A Constituição de 1824 estabelecia que a “Religião Católica Apostólica Romana continuará a ser a Religião do Império. Todas as outras Religiões serão permitidas com seu culto domestico, ou particular em casas para isso destinadas…”.  A atual Constituição, no entanto, não repete o dispositivo, nem institui religião alguma como sendo a oficial do Estado. E mais, estabeleceu em seu artigo 19, inciso I que “É vedado à União, aos Estados, ao Distrito Federal e aos Municípios: I – estabelecer cultos religiosos ou igrejas, subvencioná-los, embaraçar-lhes o funcionamento ou manter com eles ou seus representantes relações de dependência ou aliança, ressalvada, na forma da lei, a colaboração de interesse público.” Esse artigo constitucional define o Estado brasileiro como Laico, que segundo o dicionário Aurélio quer dizer “leigo”. A Constituição da República apesar do disposto em seu artigo 19, inciso I, protege a liberdade de crença, o livre exercício dos cultos religiosos e o faz da seguinte forma: “Art. 5. VI – é inviolável a liberdade de consciência e de crença, sendo assegurado o livre exercício dos cultos religiosos e garantida, na forma da lei, a proteção aos locais de culto e a suas liturgias;” Em resumo, a nossa Carta Magna proíbe o Poder Público de se intrometer em assuntos religiosos e ao mesmo tempo protege a liberdade de expressão de crença.    

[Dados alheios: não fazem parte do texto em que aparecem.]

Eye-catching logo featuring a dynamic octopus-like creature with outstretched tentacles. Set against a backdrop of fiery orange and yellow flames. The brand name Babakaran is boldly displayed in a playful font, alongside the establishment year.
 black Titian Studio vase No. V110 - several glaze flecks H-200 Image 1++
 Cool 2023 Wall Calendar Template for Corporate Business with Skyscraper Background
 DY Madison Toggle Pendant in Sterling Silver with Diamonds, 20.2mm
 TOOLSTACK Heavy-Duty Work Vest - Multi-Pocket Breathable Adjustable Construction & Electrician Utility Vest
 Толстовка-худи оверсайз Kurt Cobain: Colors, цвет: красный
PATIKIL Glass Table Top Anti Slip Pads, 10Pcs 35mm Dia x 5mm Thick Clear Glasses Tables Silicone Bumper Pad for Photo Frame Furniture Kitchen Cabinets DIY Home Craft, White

Já imaginou se algum vereador resolve apresentar um projeto de lei instituindo a leitura da Torá do judaísmo, outro a leitura do Corão do islamismo, ou até algum ritual do candomblé ou incorporação de espíritos da Umbanda antes das aulas? Improvável e absurda as comparações, mas “legalmente” viáveis sob o ponto de vista da Procuradoria Jurídica do município. Newton Lima é católico praticante, mas não perderia ponto algum com os fiéis da Igreja Católica se vetasse a lei. Ao contrário, aos olhos da população haveria a sensação de que o prefeito, mesmo católico fervoroso, colocou a Constituição Federal em primeiro plano, como deve ser.
(*) Isaac Albagli é católico por parte de pai, judeu por parte de mãe, crê em Deus e se comunica com Ele sem intermediários.